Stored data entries

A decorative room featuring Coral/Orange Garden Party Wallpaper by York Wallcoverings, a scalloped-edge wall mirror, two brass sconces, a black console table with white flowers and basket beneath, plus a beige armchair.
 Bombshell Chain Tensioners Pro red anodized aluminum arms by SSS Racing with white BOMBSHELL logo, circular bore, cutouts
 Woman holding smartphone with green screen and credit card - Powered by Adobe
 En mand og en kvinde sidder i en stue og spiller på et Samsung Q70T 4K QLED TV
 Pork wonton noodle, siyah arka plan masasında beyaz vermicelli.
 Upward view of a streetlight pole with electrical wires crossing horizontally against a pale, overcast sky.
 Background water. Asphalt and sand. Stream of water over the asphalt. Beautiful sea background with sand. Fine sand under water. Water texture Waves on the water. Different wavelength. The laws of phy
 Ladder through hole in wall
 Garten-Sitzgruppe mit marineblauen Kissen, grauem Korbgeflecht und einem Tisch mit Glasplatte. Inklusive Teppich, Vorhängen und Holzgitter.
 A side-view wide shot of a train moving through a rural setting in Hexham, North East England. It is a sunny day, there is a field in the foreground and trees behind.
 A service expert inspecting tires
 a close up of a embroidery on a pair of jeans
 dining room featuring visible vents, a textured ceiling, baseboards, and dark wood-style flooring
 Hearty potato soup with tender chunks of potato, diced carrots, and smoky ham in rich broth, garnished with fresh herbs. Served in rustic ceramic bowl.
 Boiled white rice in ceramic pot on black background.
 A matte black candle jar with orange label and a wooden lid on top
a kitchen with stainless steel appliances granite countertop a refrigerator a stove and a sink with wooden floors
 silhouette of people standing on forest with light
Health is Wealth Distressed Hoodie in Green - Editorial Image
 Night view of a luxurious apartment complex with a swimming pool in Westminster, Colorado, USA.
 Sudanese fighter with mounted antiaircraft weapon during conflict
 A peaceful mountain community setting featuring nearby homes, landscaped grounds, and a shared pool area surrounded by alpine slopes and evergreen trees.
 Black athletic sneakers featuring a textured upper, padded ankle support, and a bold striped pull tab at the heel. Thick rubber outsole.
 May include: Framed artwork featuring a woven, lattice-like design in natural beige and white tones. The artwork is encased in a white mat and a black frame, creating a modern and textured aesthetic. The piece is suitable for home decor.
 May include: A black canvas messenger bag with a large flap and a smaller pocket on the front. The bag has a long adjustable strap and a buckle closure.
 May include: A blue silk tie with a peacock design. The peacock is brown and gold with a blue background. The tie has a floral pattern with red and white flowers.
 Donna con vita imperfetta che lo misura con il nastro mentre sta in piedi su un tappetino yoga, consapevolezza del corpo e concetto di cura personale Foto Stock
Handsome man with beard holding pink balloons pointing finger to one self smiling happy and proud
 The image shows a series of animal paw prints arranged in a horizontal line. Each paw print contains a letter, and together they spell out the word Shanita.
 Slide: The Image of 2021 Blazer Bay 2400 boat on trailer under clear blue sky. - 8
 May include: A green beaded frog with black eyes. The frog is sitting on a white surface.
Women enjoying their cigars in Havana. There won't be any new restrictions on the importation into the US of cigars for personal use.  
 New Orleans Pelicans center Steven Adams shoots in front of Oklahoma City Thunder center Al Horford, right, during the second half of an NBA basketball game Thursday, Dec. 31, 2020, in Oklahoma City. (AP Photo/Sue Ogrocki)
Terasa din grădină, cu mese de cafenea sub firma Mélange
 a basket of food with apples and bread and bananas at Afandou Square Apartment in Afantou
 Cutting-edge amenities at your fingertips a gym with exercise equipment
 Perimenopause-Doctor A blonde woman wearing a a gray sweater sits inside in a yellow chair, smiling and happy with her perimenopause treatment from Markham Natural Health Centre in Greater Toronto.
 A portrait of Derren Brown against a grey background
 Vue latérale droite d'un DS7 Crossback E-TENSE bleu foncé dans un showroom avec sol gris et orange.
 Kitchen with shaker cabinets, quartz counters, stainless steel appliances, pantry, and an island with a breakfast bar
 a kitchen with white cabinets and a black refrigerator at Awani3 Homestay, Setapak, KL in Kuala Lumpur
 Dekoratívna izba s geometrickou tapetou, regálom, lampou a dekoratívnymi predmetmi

• _Exercise requirements_: The lines above that hold the word "smiling" should be found and copied out.

• _Result of the exercise_:
Handsome man with beard holding pink balloons pointing finger to one self smiling happy and proud
 Perimenopause-Doctor A blonde woman wearing a a gray sweater sits inside in a yellow chair, smiling and happy with her perimenopause treatment from Markham Natural Health Centre in Greater Toronto.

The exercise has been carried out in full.